Combine the fact that we could now see the artists performing along with the influx if much needed imported video with my oft-cited attraction to unique sounds et voila, Big Country, one of the biggest bands to come out of Scotland during that time other than The Signals ;-p (inside reference to someone who will know what it means)

The unique guitar sounds, often which were made to sound like bagpipes playing were constructed by lead guitarist and lead writer for the band, Stuart Adamson.  The songs were fun, invoked references to their love of their homeland and transported me to 80's Scotland as I would read the liner notes to their first albums.

The video below is from roughly their last performance with Stuart at the helm.  There may have been one or two performances after this but a year and a half later, he was found dead in a hotel in Hawaii having committed suicide.

I couldn't find the 'official' video that played in heavy rotation on MTV during that time but if I do ever find it, I'll post it.  It just made you want to get to the UK, which I did some 14 years later.



04 February 2013

The Harder They Come - Jimmy Cliff

Well, since one of the big hub-bubs before yesterday's Superbowl commercial-o-rama was about the VW spot and a few mis-guided, talking-head race-baiters calling it racist (it WASN'T), I thought it was appropriate to choose a Jamaican artist for today.

Kudos to VW for still running the ad.  My wife had NOT seen it OR the 'outrage' and laughed through the whole thing.

As I mentioned in my previous OMM post, college was a GREAT time for me and my music tastes and experiences rapidly broadened further than I could have ever imagined.

There were a few Reggae/Ska bands in Milwaukee and somehow the Delta Chi boys attached ourselves to a band of WHITE guys called Those X-Cleavers who were sort of a punk/ska sort of group. (Note: I think the ONLY other group was Kojo at the time and then there was Tony Brown Band out of Madison).  But what came from that was the quick exposure to groups much more than just the Bob Marley stuff that was playing on ever jukebox in every campus bar and house party.

I'll feature a group of guys later in the year named Sly & Robbie but back to this post; Ladies and Gentlemen, Mr.

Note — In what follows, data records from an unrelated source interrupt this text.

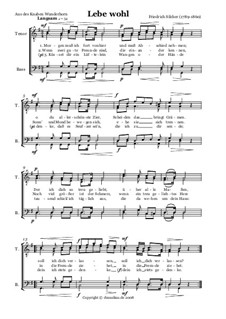 Прощание, Op.22: Для мужского хора by Фридрих Зильхер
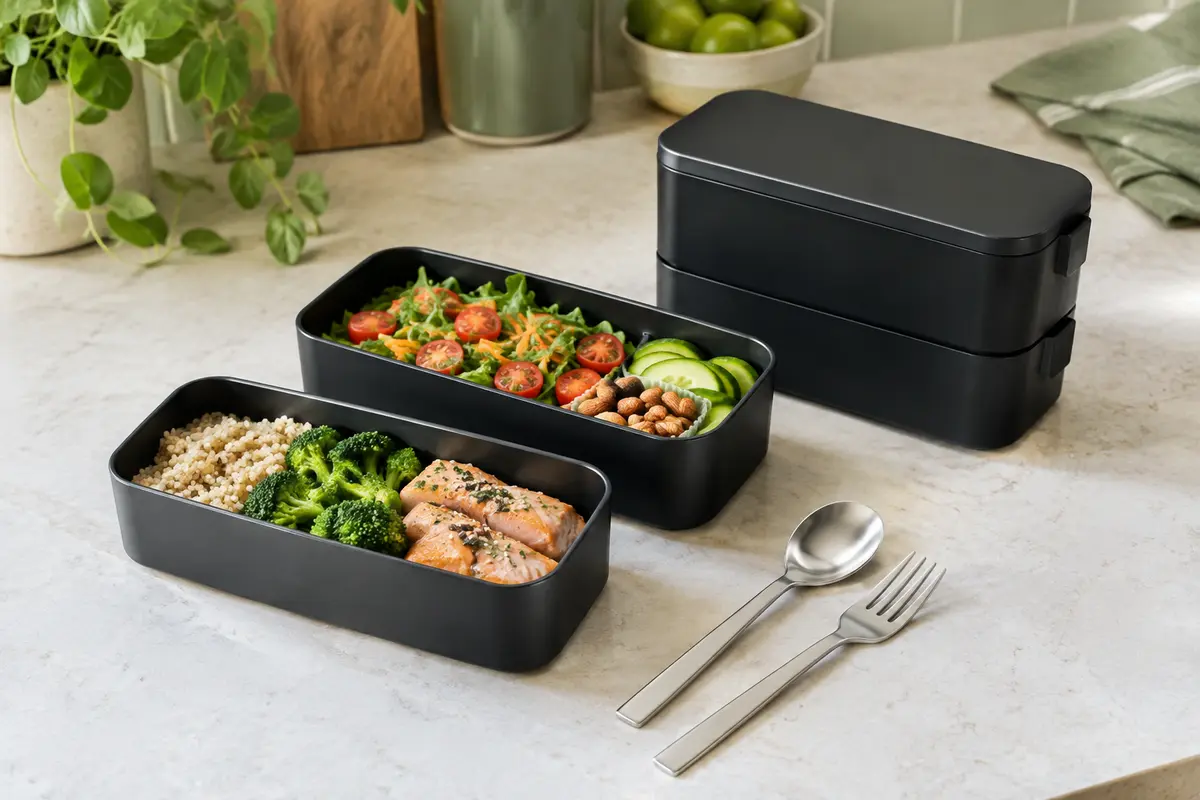 Boîte bento noire à deux compartiments avec une cuillère et une fourchette en acier inoxydable sur un plan clair.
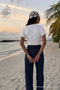Women's Bat Sleeve Tight White Crop T-Shirt - 6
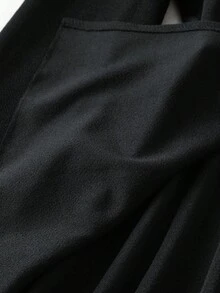 Franclia Women's Solid Color Lapel NeckPuff Sleeve Ruffle Hem Elegant Blazer Jacket, Autumn - Black - View 7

Jimmy Cliff playing "The Harder They Come".

Now, this song came out in 1972 (or close to it) but I hadn't heard it, at least not consciously, until the mid-80's.  I ALSO was able to finally see the movie around that time as well.  Jimmy was the star of that movie and of course, as he mentions in the video, it really propelled him into at least US notariety.

During the mid 80's he also did a movie that I actually PAID to see called Club Paradise with Robin Williams.

Jimmy never really had a ton of commercial music hits, but amongst the Reggae community, he continued to represent the 'no problem mon' attitude that helped tourism to this very day.  Frankly, most of anything he had ever chart were covers of other songs but hearing his original "The Harder They Come" is one that left its mark on me.

I was fortunate to see him live and it was absolutely fantastic and I got that chance in the early 90's at Summerfest where the aforementioned Those X-Cleavers opened up for him (and not like the band that plays at 12:00, they were the band that played right before he took the stage).

Lastly, please notice that he plays guitar left-handed but doesn't re-string the guitar, he just plays it upside down.  I heard an interview with him (again on the Guitar Center Sessions on DirecTV) where he said that it was just cheaper to buy a right-handed guitar and play it upside down.  Hell it worked for Paul McCartney and Jimi Hendrix, why not him

Funny enough my son plunks around on a right-handed guitar but he too is a lefty.  Maybe if it gets really good at it, we'll have a star on our hands.